Message par Ju » mar. 20 déc. 2005 12:35

Parfois la rue devient la jungle. Imagine des bruits de canons et de mitrailles. Des sons étranges comme du métal extrême qui surgissent dans la réalité…
La crache, le sang, les insultes, les bastons… les couteaux. La haine mêlée à la fureur de la ville…

Cicatrices à vie.
Cicatrices à sang et à feu…

Quelques os cassés, des flaques écarlates au sol, les ciels sont souvent noirs.
Aucune étoile. C’est la nuit.
Si tu as choisis la rue ; la nuit à passer dehors ; alors… n’ait pas peur de combattre.
Tu ne peux pas être faible, ni être lâche…au péril de ta propre vie.
La rue… la jungle.
La rue… la ruse.
C’est ça d’être un cow-boy de la liberté.

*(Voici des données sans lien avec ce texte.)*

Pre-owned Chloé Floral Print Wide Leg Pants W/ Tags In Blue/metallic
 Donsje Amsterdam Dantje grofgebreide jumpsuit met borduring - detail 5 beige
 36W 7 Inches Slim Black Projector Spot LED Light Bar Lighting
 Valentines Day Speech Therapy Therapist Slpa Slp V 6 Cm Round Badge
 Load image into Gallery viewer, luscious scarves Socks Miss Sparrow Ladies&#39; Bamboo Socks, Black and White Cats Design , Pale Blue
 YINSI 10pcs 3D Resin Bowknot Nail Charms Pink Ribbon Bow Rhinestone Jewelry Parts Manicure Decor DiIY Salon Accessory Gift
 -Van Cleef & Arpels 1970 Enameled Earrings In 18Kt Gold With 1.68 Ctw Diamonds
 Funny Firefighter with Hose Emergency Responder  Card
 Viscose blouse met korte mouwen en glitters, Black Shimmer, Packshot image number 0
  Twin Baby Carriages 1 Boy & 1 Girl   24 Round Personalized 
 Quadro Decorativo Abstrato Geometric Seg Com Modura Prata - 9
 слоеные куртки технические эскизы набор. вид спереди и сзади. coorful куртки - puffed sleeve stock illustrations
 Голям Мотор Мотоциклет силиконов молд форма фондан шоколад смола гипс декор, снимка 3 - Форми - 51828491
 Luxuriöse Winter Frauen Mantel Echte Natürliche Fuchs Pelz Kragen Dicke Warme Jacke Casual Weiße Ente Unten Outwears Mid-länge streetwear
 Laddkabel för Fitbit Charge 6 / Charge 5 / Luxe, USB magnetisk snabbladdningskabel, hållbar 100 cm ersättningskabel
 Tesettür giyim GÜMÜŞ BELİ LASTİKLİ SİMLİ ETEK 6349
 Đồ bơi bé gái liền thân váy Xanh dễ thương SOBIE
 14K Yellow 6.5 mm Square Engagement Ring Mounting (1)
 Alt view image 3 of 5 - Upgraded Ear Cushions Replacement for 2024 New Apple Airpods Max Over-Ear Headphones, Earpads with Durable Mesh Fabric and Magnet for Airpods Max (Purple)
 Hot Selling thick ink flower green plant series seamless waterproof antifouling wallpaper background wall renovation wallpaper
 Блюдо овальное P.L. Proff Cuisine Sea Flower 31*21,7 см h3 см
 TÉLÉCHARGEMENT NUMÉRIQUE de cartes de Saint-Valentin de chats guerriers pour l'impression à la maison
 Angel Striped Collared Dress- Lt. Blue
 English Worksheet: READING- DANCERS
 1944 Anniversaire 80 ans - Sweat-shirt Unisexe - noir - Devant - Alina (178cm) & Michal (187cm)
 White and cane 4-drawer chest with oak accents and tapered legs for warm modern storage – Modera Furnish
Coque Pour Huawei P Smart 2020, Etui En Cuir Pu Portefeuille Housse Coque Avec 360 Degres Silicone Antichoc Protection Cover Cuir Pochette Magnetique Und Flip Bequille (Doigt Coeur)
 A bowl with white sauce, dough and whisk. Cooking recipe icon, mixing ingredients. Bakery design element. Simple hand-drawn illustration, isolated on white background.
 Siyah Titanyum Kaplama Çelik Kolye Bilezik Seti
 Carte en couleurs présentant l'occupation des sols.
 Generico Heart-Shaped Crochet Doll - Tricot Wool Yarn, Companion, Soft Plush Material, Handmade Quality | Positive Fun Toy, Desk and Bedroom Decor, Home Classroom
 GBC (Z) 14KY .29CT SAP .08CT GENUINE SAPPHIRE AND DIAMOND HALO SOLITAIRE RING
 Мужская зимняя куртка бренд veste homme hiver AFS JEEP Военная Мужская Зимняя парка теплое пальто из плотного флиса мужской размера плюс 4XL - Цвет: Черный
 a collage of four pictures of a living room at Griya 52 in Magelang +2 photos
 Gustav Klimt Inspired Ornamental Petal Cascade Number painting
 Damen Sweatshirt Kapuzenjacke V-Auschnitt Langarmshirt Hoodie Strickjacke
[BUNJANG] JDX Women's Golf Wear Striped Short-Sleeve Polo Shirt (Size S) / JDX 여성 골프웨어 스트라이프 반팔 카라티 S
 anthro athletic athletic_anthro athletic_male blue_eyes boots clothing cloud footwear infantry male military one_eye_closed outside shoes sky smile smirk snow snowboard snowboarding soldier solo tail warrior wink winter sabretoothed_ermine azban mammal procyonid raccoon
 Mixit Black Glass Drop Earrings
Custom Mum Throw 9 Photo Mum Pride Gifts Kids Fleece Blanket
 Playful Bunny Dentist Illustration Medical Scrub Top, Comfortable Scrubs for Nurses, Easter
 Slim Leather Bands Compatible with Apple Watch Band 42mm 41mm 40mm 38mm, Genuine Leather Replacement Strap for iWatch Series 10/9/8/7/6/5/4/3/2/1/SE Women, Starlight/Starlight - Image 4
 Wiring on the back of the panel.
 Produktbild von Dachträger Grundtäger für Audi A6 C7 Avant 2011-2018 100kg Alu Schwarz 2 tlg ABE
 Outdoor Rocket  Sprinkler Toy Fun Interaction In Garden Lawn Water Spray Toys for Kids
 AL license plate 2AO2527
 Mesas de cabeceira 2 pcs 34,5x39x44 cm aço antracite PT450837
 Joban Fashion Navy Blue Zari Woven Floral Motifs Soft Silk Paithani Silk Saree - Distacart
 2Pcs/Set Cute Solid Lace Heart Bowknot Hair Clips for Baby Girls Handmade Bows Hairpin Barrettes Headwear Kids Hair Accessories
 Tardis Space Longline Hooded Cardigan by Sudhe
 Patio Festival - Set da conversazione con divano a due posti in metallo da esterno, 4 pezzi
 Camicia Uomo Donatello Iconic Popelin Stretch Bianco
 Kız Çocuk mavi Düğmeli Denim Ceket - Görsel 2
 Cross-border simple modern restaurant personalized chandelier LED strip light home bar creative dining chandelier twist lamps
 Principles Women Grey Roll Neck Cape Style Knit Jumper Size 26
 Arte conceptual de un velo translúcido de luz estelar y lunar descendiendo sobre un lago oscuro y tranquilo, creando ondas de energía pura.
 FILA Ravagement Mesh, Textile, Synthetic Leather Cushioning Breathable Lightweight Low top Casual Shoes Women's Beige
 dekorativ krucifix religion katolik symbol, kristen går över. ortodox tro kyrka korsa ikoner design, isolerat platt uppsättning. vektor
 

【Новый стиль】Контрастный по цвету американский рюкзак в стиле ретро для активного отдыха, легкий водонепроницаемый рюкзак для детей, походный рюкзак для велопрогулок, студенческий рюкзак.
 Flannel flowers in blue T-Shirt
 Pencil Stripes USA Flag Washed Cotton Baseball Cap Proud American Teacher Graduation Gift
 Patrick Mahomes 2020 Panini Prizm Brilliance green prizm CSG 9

....Seul, tes pieds marchent sans destination précise… trottoirs, hangars, chemins… ton seul allié le hasard. Les longs moments où tu peux te sentir aussi léger que le corbeau qui se fait pousser par le vent. Les seuls moments où tu ouvres les yeux le sourire dessiné au coin de tes lèvres en te chuchotant à toi-même ; je suis libre… je suis libre… cette fois tu y crois vraiment.

....Mais comment peux-tu m’entendre si tu n’as pas mes oreilles ? Comment peux tu comprendre si tu n’es qu’un mouton buté qui se laisse influencer par cette crade société ?

La société menace ta vie.
Tu n’es pas libre, tu es emprisonné dans cette pourriture qu’est le système

Cette pourriture
Qu’est le système

....Doigt levé au bord d’une route = début d’un long voyage
= liberté !
= découverte !
= joie !
= …. Tout ce que tu veux…
....Imagine un instant.
Ferme les yeux, allume toi une clope, met un bon skeud et continue je t’en prie…

...Continue, tu es libre… tu es libre… aucune entrave dans ta tête…

...N’aie pas peur de frôler la mort, le froid, la honte dans le regard des gens… trop de gens qui ont honte devant la différence, devant la prostituée, la droguée, ou l’alcoolique… peut-être qu’ils ne souhaitent pas regarder leur vraie nature… tout simplement. A refouler, refouler, ils deviennent tous cinglés.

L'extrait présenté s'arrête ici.